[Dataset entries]
*** Block opens ***

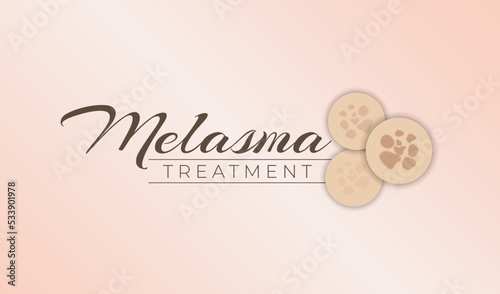 Melasma Treatment Banner Background Vector Design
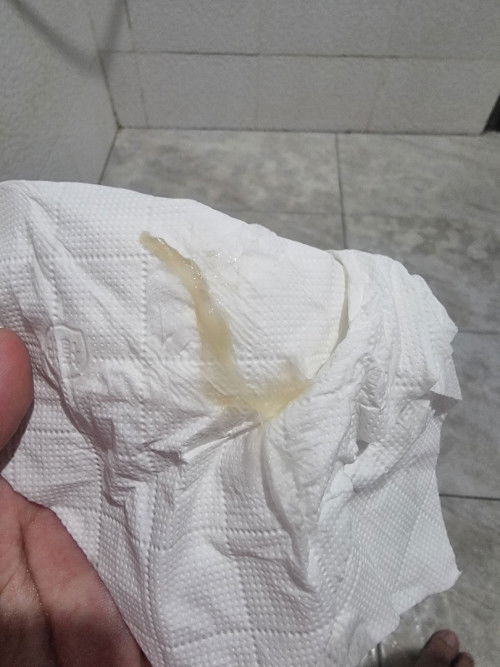 สอบถามแม่ๆที่มีประสบการณ์ค่ะ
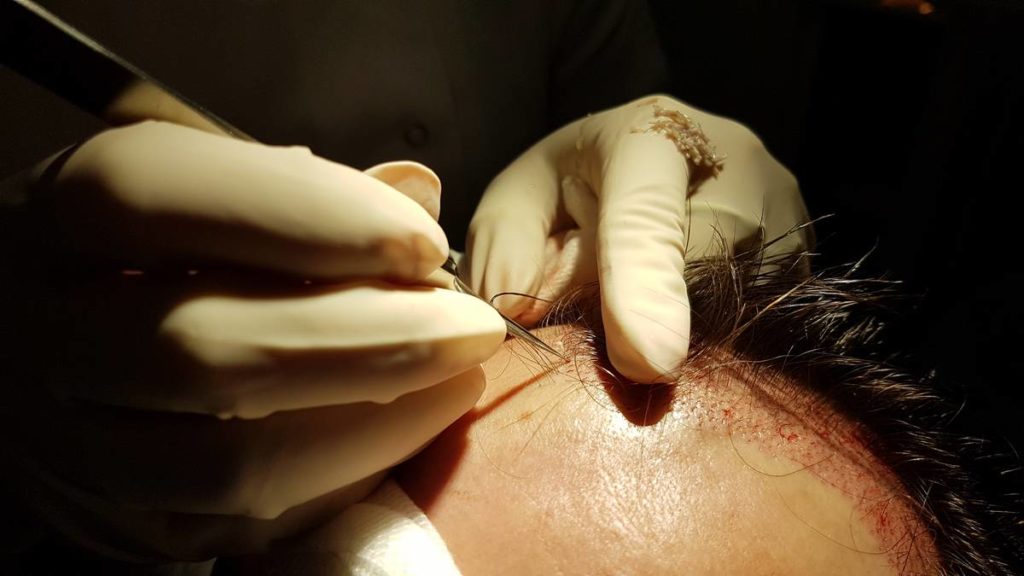 hair transplant paris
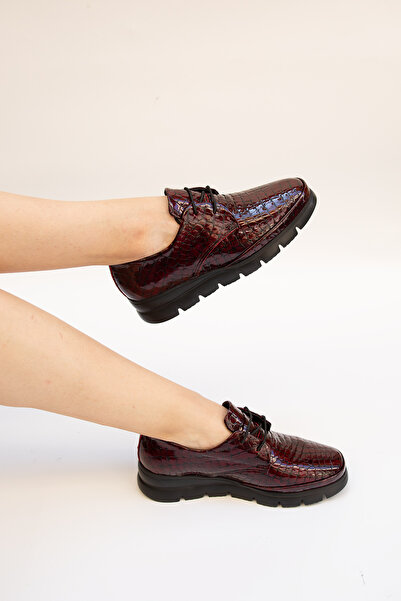 Mammamia 5531 EREN SHOES&BAG Hakiki Deri Rugan Kroko Baskılı Lastik Bağcıklı ...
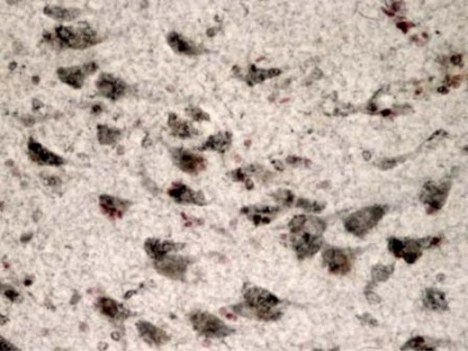 Immunohistochemistry (Formalin/PFA-fixed paraffin-embedded sections) - LRRK2 Antibody Sampler Panel (AB263464), expandable thumbnail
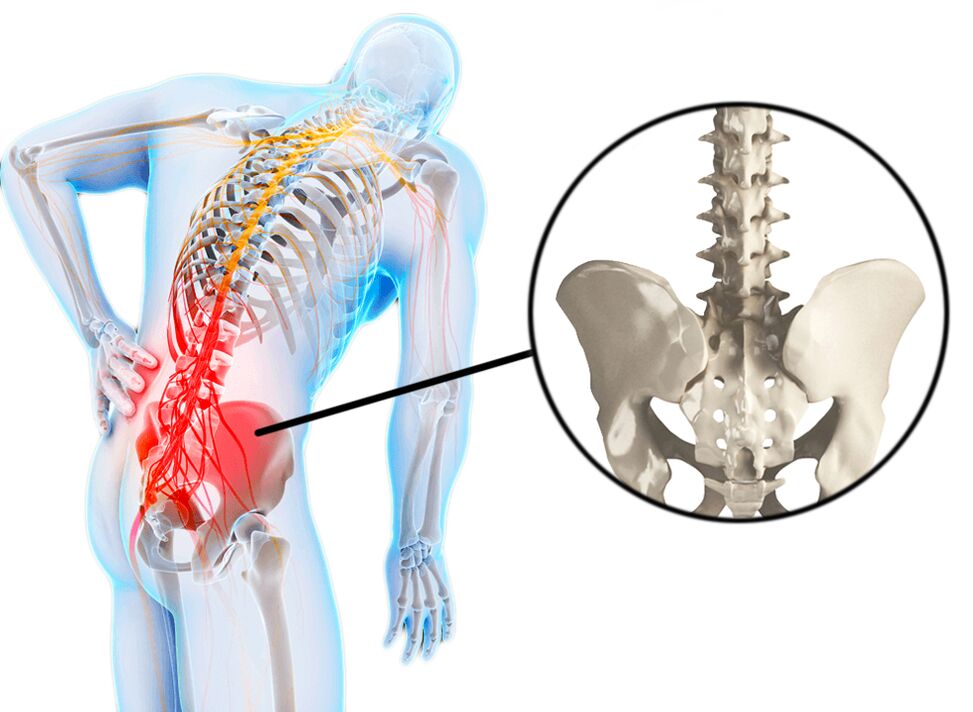 Patologie páteře jsou častou příčinou bolesti v bederní oblasti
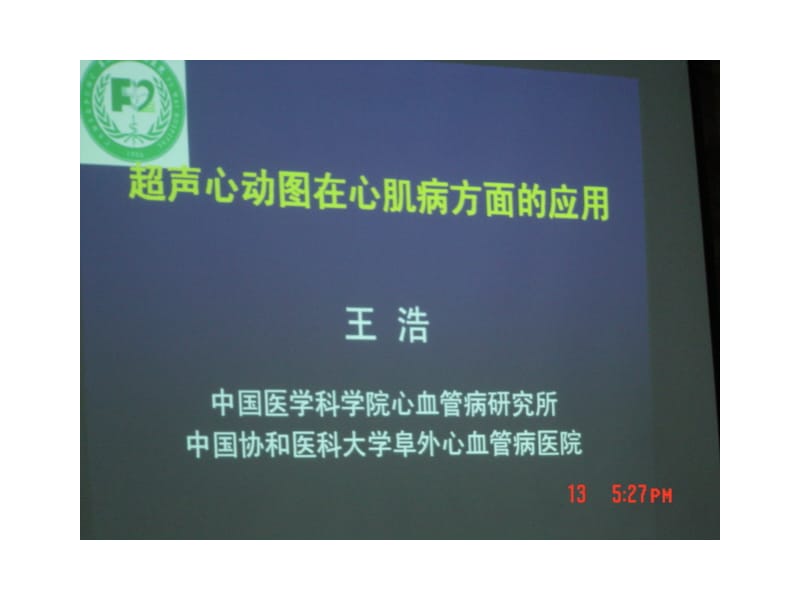 超声心动图在心肌病中应用.ppt_第1页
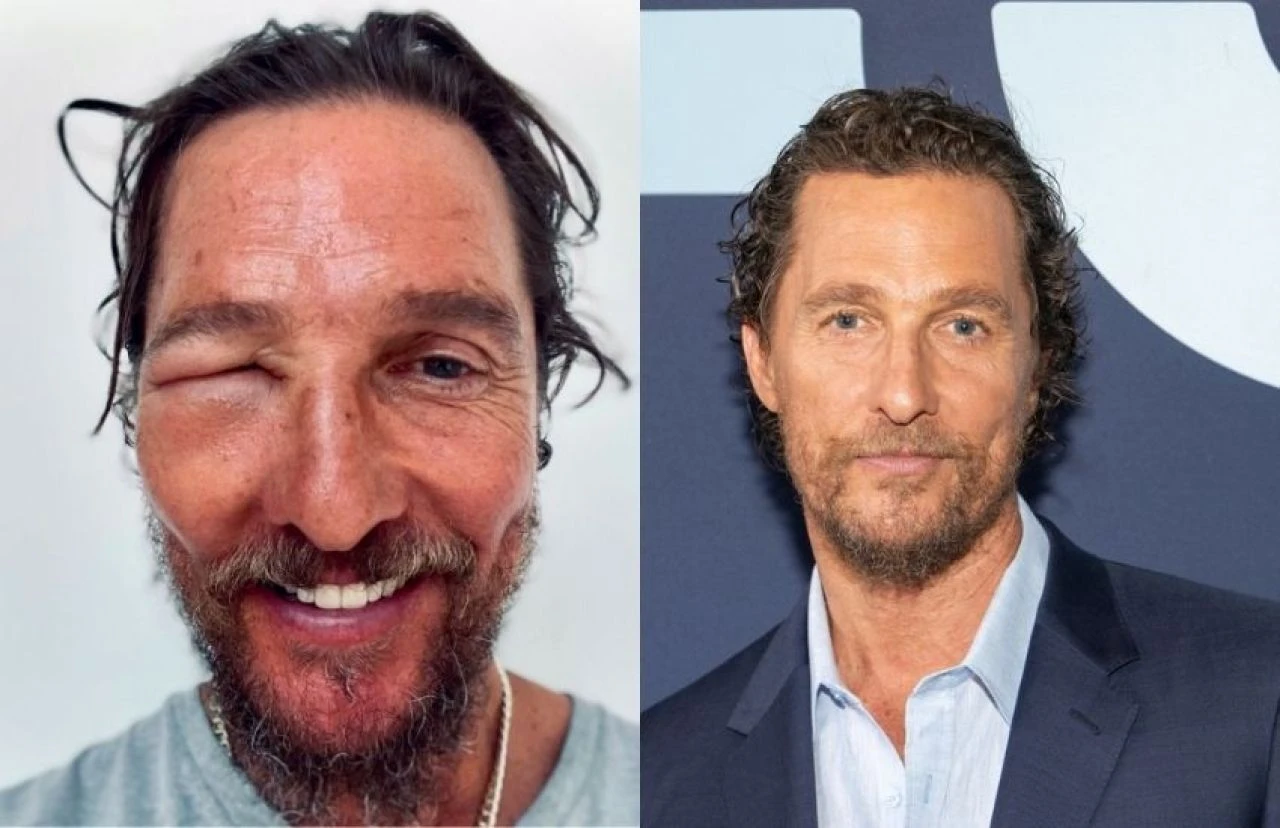 Yıldızlararası oyuncusu Matthew Mcconaughe, tanınmaz halde!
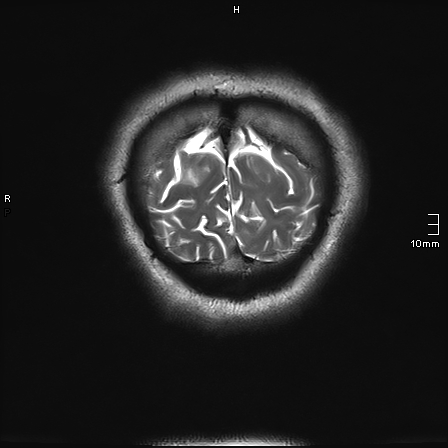 File:Neurotoxoplasmosis - concentric target sign (Radiopaedia 70644-80784 Coronal T2 7).jpg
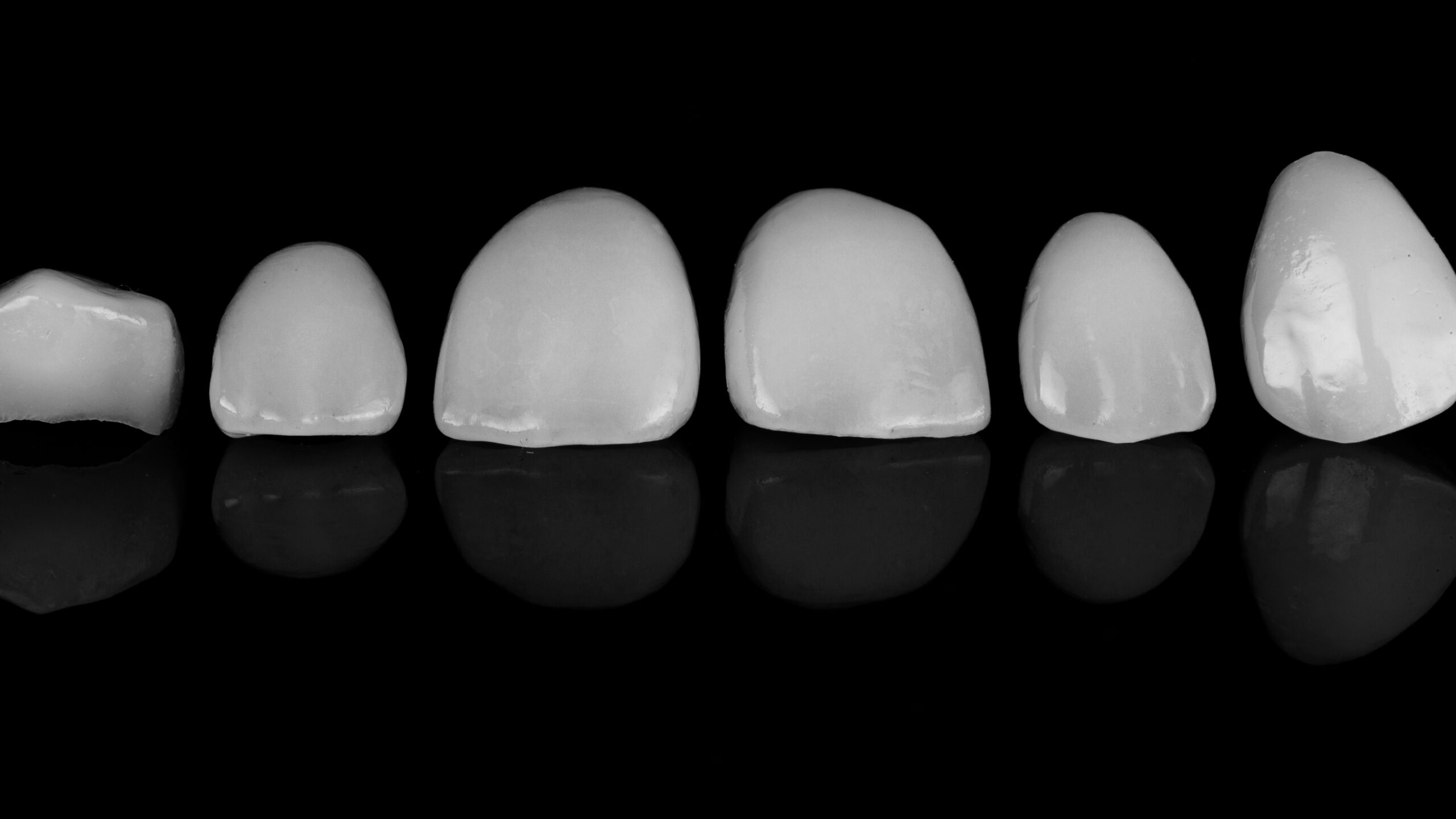 Types of dental veneers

*** Block closes ***

> [EXERCISE]: Please print exactly the lines from the line containing "Yıldızlararası oyuncusu Matthew" through the end of the records above, both included, leaving out every picture.

> [ANSWER SECTION]:
 Yıldızlararası oyuncusu Matthew Mcconaughe, tanınmaz halde!
 File:Neurotoxoplasmosis - concentric target sign (Radiopaedia 70644-80784 Coronal T2 7).jpg
 Types of dental veneers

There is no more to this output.